Hebb testified in court Monday that when Waddell arrived at the checkpoint he could smell alcohol coming from the vehicle and that he displayed signs of being under the influence.
“Whenever this officer spoke to Mr. Waddell I noticed the odor of an alcoholic beverage coming from inside the vehicle, and once I spoke with Mr. Waddell I noticed that his eyes were red and glassy, his speech was slurred and I could also notice the smell of an alcoholic beverage coming from his breath,” Hebb said on the witness stand.
Hebb said he had Waddell pull off the side of the road so he could administer three field sobriety tests.
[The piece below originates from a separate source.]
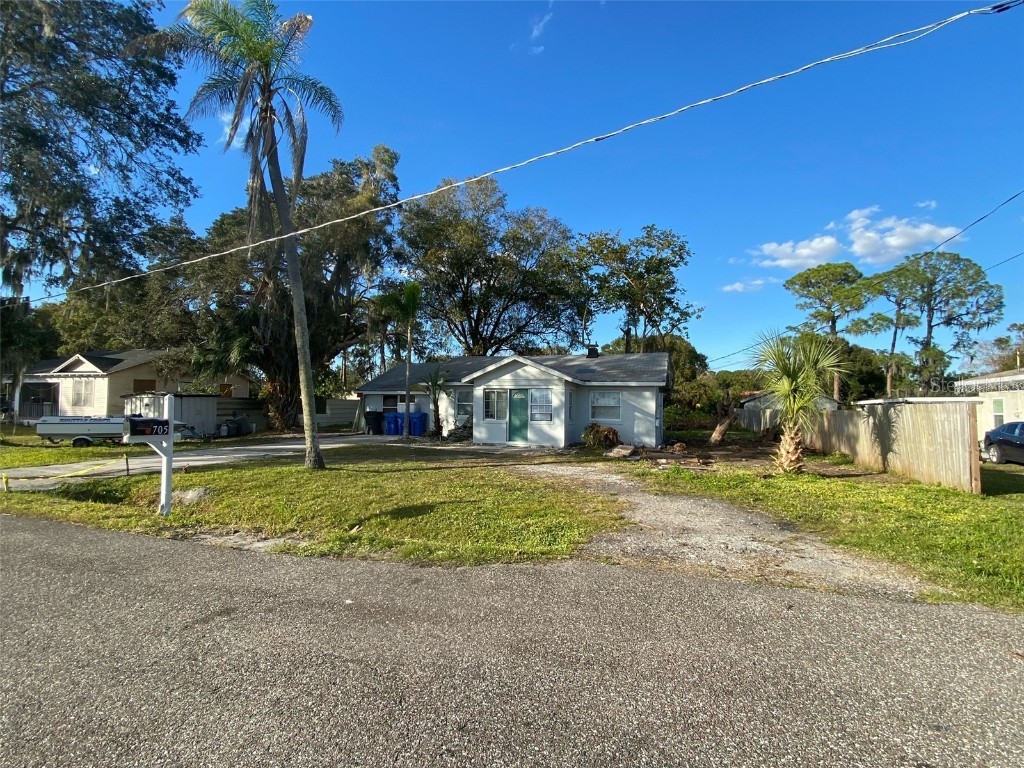 705 10 Avenue Ruskin FL 33570 O6080562 image1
Hebb added that Waddell failed all three, “indications that he was under the influence of drugs or alcohol.”
Hebb said Waddell refused to take a preliminary breathalyzer test and was taken into custody at that time.
Attorney Ty Nestor, who represented Waddell, said the report generated by Hebb said his client was “steady when exiting the vehicle but he was unsteady while standing.”
Nestor then asked, “With respect to his (Waddell’s) unsteadiness, did you ever inquire if he had any kind of impairments that would not enable him to perform some of these field sobriety tests properly?”
“Yes sir,” Hebb replied.
Nestor said, “What specifically did you ask him?”
“I asked him if he had any injuries or ailments that would affect his ability to take the test,” Hebb said.
“And what was his response to that, sir?” Nestor asked.
“His response was that his leg was hurting him at that time but he would still do the tests,” Hebb responded.
Nestor then asked Hebb if Waddell told him where he had been or what he had been doing that day.
“He said he was at a bar down the road and he had consumed a couple of beers and that he had been working before going to the bar,” Hebb said.
Hebb concluded by saying that a warrant for a blood test was ordered on Waddell because he had also refused the Intoximeter test.
Following Hebb’s testimony, Waddell took the stand.
Nestor asked Waddell if he had a difficult time performing the field sobriety tests that were administered to him at the checkpoint.
“Yes sir, I can’t do it sober,” Waddell said.
Waddell testified he had trouble performing the tests due to back, leg and ankle injuries that he suffered during his time in the military. Waddell said he told Hebb about the injuries before attempting the tests.
Assistant Prosecuting Attorney Lori Haynes asked Waddell just one question.
“Did your work conditions and previous military injuries cause the smell of alcohol to be emanating from your vehicle and your breath?” Haynes asked.
“I don’t know about that,” Waddell replied.
During closing remarks, Haynes said she felt the state had probable cause because the defendant was seen as having slurred speech and glassy eyes, with the “smell of alcoholic beverages coming from the defendant’s car and breath,” and because he “failed all three field sobriety tests.”
Haynes said “even with all the things that prevented him from completing a field sobriety test, those do not explain the odor of alcohol coming from Mr. Waddell’s vehicle.”
Nestor countered by saying there were no scientific results that said Waddell had a blood alcohol content of .08 percent or above. Nestor said that just because Waddell stopped at a bar, that did not mean he was necessarily impaired by alcohol.
“It is not illegal to have a drink and drive, it is not illegal to have two drinks and drive if you are over a certain weight or what have you. It is only illegal to drive while being impaired and having a blood alcohol content of above .08,” Nestor said. “You have no evidence whatsoever, not could you possibly discern a .08 blood alcohol content on my client from any of the information you have, without any scientific testing.”
After a 15-minute recess, Chief Magistrate Ben Shepler decided to dismiss the charge without prejudice.
“At no point in time has the state heard any testimony that the defendant was at .08 or greater and at this time, the court has to dismiss this case without prejudice,” Shepler said. “However, this case has not heard the results of the blood test. This is dismissed without prejudice, which means it can be brought back up at any time the state wishes to do so.”
Also in Randolph County Magistrate Court Monday:
- Charges against both Clarissa Hope Linger, 19, of Tallmansville, and Jedidiah Mallow, of Elkins, were dismissed without prejudice. They had each been charged with one felony count of conspiracy to commit burglary.
- Danny Lee Owens, 22, of Belington, waived his right to a preliminary trial. Owens is charged with one felony count of introducing a controlled substance into a regional jail. He is currently housed at Tygart Valley Regional Jail on a $25,000 cash only bond.